ACTIVITY: All lines in the records below from the line with "SUNSHINE iPad/Tablets SS-057P+" through the line with "Sleeveless Denim Waistcoat" are to be given again exactly, both ends included; the pictures are to be left out.

EXCERPTED RECORDS:
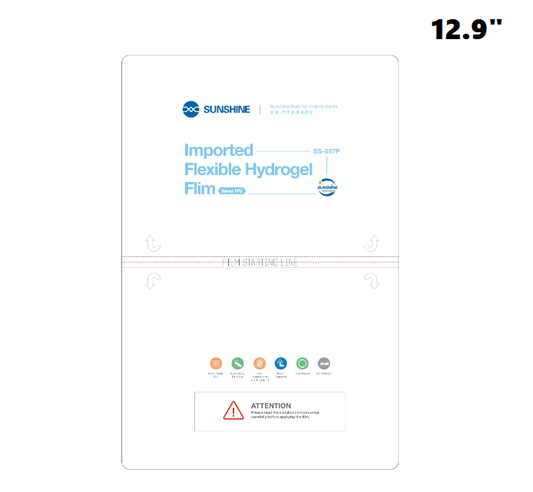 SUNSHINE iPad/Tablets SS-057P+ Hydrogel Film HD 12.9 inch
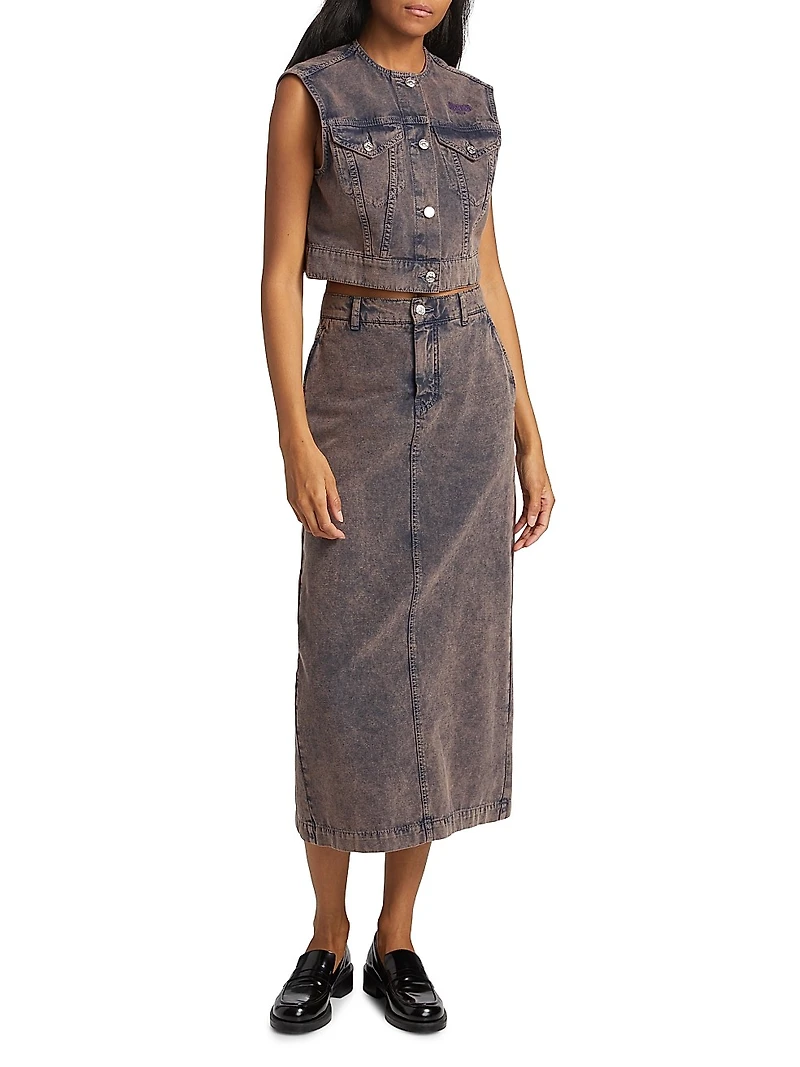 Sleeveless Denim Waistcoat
---
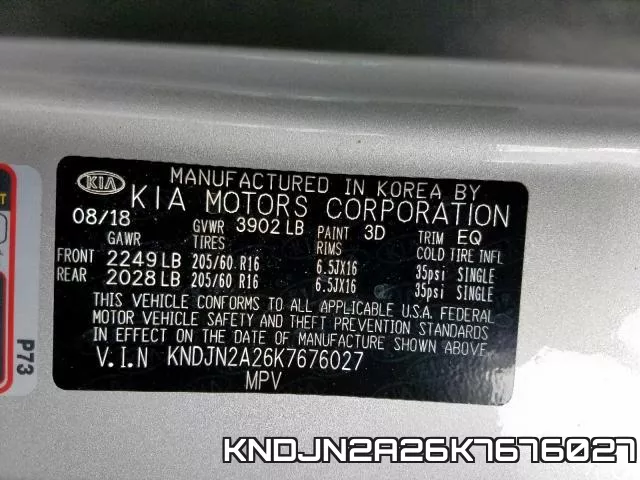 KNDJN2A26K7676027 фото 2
* * *
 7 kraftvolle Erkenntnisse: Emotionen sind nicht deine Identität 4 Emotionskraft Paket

OUTPUT OF THE TASK:
 SUNSHINE iPad/Tablets SS-057P+ Hydrogel Film HD 12.9 inch
 Sleeveless Denim Waistcoat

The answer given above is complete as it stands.